## WHAT TO WORK ON
Reproduce the entire listing below exactly.

-- MATERIALS PROVIDED follows --

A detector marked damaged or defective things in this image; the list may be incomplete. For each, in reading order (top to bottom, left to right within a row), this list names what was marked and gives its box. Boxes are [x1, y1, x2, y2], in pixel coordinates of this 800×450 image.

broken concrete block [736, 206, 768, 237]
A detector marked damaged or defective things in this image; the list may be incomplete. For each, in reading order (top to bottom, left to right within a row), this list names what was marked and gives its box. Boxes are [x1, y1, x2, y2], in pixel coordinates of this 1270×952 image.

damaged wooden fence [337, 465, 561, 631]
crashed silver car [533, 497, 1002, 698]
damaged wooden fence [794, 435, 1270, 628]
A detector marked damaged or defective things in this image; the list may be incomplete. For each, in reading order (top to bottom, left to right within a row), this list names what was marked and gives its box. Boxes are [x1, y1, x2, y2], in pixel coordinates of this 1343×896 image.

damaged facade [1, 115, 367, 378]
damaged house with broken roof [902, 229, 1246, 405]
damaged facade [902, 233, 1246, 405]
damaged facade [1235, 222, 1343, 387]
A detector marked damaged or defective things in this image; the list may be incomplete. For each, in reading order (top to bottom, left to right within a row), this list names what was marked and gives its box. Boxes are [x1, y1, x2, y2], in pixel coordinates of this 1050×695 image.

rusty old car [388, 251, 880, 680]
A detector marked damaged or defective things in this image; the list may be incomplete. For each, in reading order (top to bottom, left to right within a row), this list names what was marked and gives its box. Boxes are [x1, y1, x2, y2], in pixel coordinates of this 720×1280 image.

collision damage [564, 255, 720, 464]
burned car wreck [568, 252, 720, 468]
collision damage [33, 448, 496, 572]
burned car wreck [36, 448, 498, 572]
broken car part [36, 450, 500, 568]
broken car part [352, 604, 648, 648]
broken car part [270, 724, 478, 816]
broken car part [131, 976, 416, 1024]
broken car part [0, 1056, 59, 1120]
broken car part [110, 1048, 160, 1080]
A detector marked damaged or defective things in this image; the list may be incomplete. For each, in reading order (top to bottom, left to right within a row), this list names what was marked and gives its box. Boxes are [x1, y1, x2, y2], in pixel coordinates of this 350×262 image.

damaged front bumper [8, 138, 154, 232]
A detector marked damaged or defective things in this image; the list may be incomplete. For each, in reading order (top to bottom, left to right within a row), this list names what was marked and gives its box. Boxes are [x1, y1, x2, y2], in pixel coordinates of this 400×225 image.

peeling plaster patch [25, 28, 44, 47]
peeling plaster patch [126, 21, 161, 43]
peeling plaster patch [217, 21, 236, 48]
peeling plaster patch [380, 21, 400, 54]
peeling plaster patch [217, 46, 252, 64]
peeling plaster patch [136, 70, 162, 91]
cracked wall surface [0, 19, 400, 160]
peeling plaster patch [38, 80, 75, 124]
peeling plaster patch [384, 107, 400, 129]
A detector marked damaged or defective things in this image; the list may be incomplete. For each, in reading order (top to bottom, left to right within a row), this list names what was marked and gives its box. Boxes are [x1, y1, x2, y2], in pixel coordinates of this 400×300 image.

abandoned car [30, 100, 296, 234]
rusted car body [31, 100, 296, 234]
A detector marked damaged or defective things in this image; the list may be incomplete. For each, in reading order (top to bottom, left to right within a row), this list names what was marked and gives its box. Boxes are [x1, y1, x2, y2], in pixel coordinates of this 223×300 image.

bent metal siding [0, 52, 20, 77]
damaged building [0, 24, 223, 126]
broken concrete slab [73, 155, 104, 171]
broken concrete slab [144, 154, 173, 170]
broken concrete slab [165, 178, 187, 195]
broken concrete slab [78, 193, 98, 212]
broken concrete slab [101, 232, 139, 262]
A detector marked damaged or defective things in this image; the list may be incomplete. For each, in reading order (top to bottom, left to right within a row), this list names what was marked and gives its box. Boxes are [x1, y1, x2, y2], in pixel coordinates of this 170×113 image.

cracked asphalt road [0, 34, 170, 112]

-- MATERIALS PROVIDED concluded --

## EXERCISE ANSWER
A detector marked damaged or defective things in this image; the list may be incomplete. For each, in reading order (top to bottom, left to right within a row), this list names what was marked and gives its box. Boxes are [x1, y1, x2, y2], in pixel coordinates of this 800×450 image.

broken concrete block [736, 206, 768, 237]
A detector marked damaged or defective things in this image; the list may be incomplete. For each, in reading order (top to bottom, left to right within a row), this list names what was marked and gives its box. Boxes are [x1, y1, x2, y2], in pixel coordinates of this 1270×952 image.

damaged wooden fence [337, 465, 561, 631]
crashed silver car [533, 497, 1002, 698]
damaged wooden fence [794, 435, 1270, 628]
A detector marked damaged or defective things in this image; the list may be incomplete. For each, in reading order (top to bottom, left to right within a row), this list names what was marked and gives its box. Boxes are [x1, y1, x2, y2], in pixel coordinates of this 1343×896 image.

damaged facade [1, 115, 367, 378]
damaged house with broken roof [902, 229, 1246, 405]
damaged facade [902, 233, 1246, 405]
damaged facade [1235, 222, 1343, 387]
A detector marked damaged or defective things in this image; the list may be incomplete. For each, in reading order (top to bottom, left to right within a row), this list names what was marked and gives its box. Boxes are [x1, y1, x2, y2], in pixel coordinates of this 1050×695 image.

rusty old car [388, 251, 880, 680]
A detector marked damaged or defective things in this image; the list may be incomplete. For each, in reading order (top to bottom, left to right within a row), this list names what was marked and gives its box. Boxes are [x1, y1, x2, y2], in pixel coordinates of this 720×1280 image.

collision damage [564, 255, 720, 464]
burned car wreck [568, 252, 720, 468]
collision damage [33, 448, 496, 572]
burned car wreck [36, 448, 498, 572]
broken car part [36, 450, 500, 568]
broken car part [352, 604, 648, 648]
broken car part [270, 724, 478, 816]
broken car part [131, 976, 416, 1024]
broken car part [0, 1056, 59, 1120]
broken car part [110, 1048, 160, 1080]
A detector marked damaged or defective things in this image; the list may be incomplete. For each, in reading order (top to bottom, left to right within a row), this list names what was marked and gives its box. Boxes are [x1, y1, x2, y2], in pixel coordinates of this 350×262 image.

damaged front bumper [8, 138, 154, 232]
A detector marked damaged or defective things in this image; the list may be incomplete. For each, in reading order (top to bottom, left to right within a row), this list names what was marked and gives its box. Boxes are [x1, y1, x2, y2], in pixel coordinates of this 400×225 image.

peeling plaster patch [25, 28, 44, 47]
peeling plaster patch [126, 21, 161, 43]
peeling plaster patch [217, 21, 236, 48]
peeling plaster patch [380, 21, 400, 54]
peeling plaster patch [217, 46, 252, 64]
peeling plaster patch [136, 70, 162, 91]
cracked wall surface [0, 19, 400, 160]
peeling plaster patch [38, 80, 75, 124]
peeling plaster patch [384, 107, 400, 129]
A detector marked damaged or defective things in this image; the list may be incomplete. For each, in reading order (top to bottom, left to right within a row), this list names what was marked and gives its box. Boxes are [x1, y1, x2, y2], in pixel coordinates of this 400×300 image.

abandoned car [30, 100, 296, 234]
rusted car body [31, 100, 296, 234]
A detector marked damaged or defective things in this image; the list may be incomplete. For each, in reading order (top to bottom, left to right within a row), this list names what was marked and gives its box. Boxes are [x1, y1, x2, y2], in pixel coordinates of this 223×300 image.

bent metal siding [0, 52, 20, 77]
damaged building [0, 24, 223, 126]
broken concrete slab [73, 155, 104, 171]
broken concrete slab [144, 154, 173, 170]
broken concrete slab [165, 178, 187, 195]
broken concrete slab [78, 193, 98, 212]
broken concrete slab [101, 232, 139, 262]
A detector marked damaged or defective things in this image; the list may be incomplete. For each, in reading order (top to bottom, left to right within a row), this list names what was marked and gives its box. Boxes are [x1, y1, x2, y2], in pixel coordinates of this 170×113 image.

cracked asphalt road [0, 34, 170, 112]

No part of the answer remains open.